LET US, GOD’S PEOPLE, PRAY

 Leader:  ~ All-Knowing, All-Seeing God, You have searched us and known us from before we were in the womb and throughout our earthly lives. Tingle our ears and awaken our hearts to remember that we are not our own but members of Christ’s Body and living temples of Your Holy Spirit. Open us to hear again and offer our lives to be instruments for bringing the Kingdom of God to reality on earth.

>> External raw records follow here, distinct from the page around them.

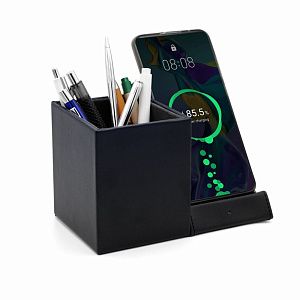 Настольный органайзер Elegans c беспроводной зарядкой, красный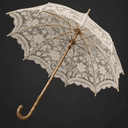 Parasol en dentelle blanche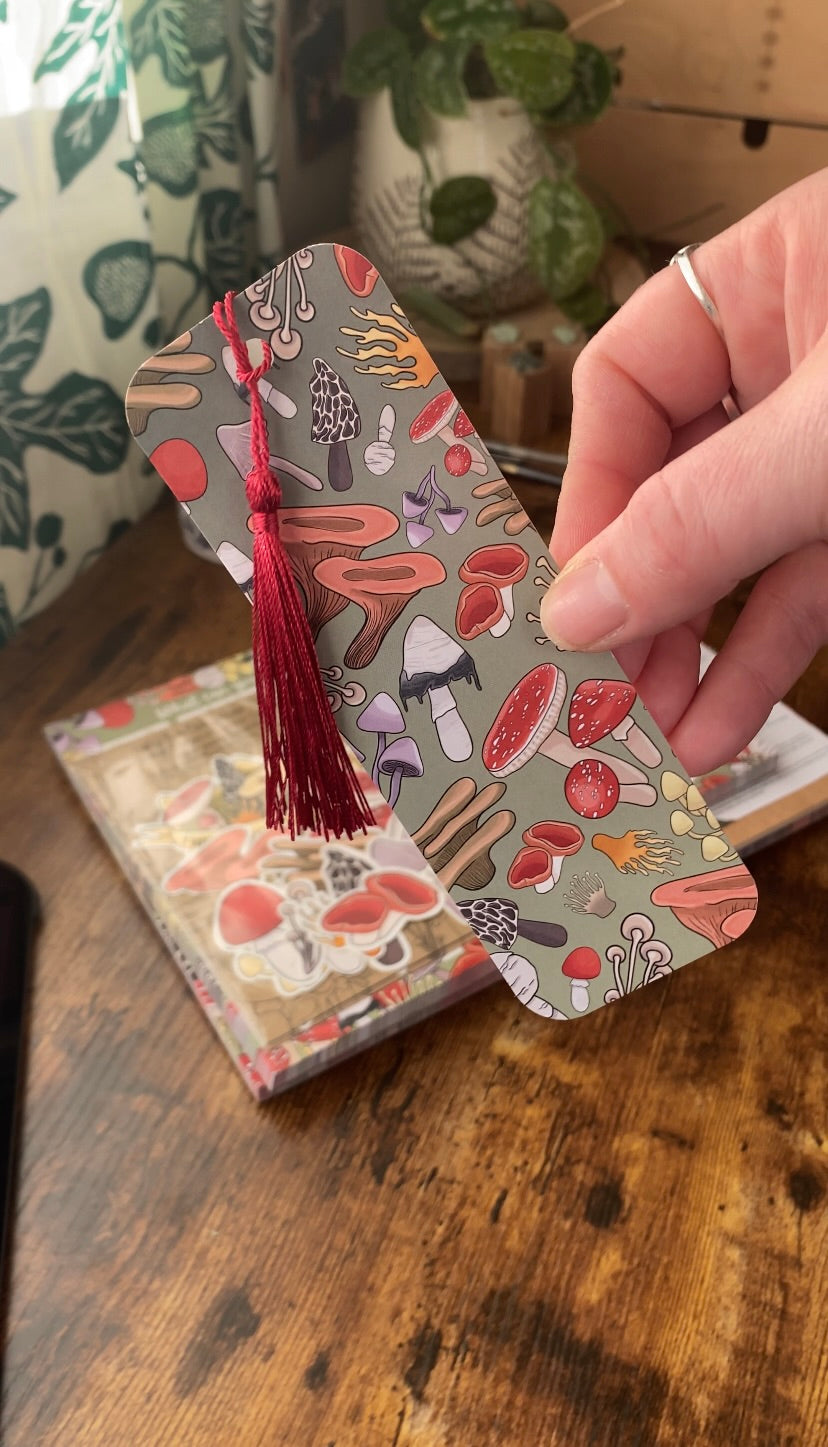 Mushroom tassel bookmark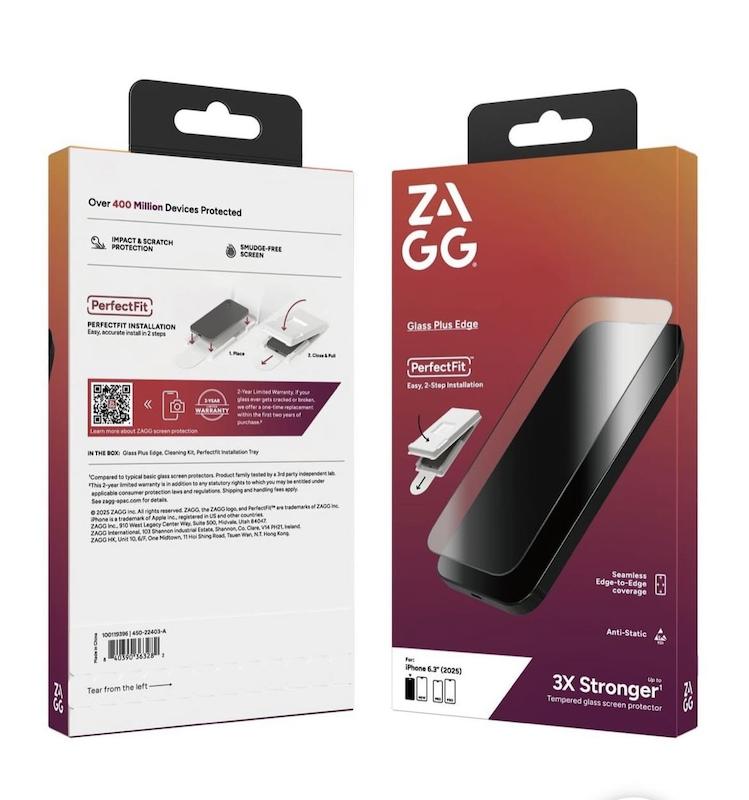 محافظ صفحه نمایش زگ مدل ZAGG Glass Plus Edge مناسب برای آیفون ۱۷ و ۱۷ پرو و ۱۷ پرومکس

                                                                O Lord Who Calls                                                
RESPONSE:             Help us to Listen and Answer 

~ All-Knowing, All-Seeing God, guide our path to truth, integrity, and justice in a world filled with alienation and violence among people and nations. Grant each of us, and the leaders of this Country, our local Communities, and this World, the wisdom and selflessness to choose the well-being of us all, over destructive actions of temporary earthbound-only power and greed. We pray especially for: add your own petitions

                                                                     O Lord Who Calls
                                                                     Help us to Listen and Answer                                         

~ All-Knowing, All-Seeing God, strengthen the faith of all who suffer from debilitating illness; addiction, and/or depression, and of all who give them care. We now join our hearts to pray for those in need… add your own petitions

                                                                     O Lord Who Calls
                                                                     Help us to Listen and Answer

~ All-Knowing, All-Seeing God, whisper hope to the grieving of the joy for those now released from the trials of this life, into unbounded Glory to live again with You. We pray especially for the word and witness of Dr. Martin Luther King, Jr.; … add your own petitions

                                                                     O Lord Who Calls
                                                                     Help us to Listen and Answer

~ All-Knowing, All-Seeing God, we pause in this moment to offer You our other heartfelt thanksgivings, intercessions, petitions, and memorials… add your own petitions

                                                                     O Lord Who Calls
                                                                     Help us to Listen and Answer

~ All-Knowing, All-Seeing God, we give You special thanks for those lead us in Your church and guide us on our journey to You. Grant them wisdom, insight, and hope, and guide them to embolden us to follow and reflect You with our thoughts, words, and actions in each and every day. We pray especially for: 

                                                                     O Lord Who Calls
                                                                     Help us to Listen and Answer

The Celebrant adds: O God of Power and Might, fill us with courage in seeking the path of Christ in and beyond our personal lives, believing that by our individual and collective actions, we shall overcome violence, oppression, and intolerance, to establish unity and equality for all. We ask through Your Son, Jesus our Christ; and the Holy Spirit, our Advocate; who together with You reign as One God, One Lord of All, now and forever. Amen.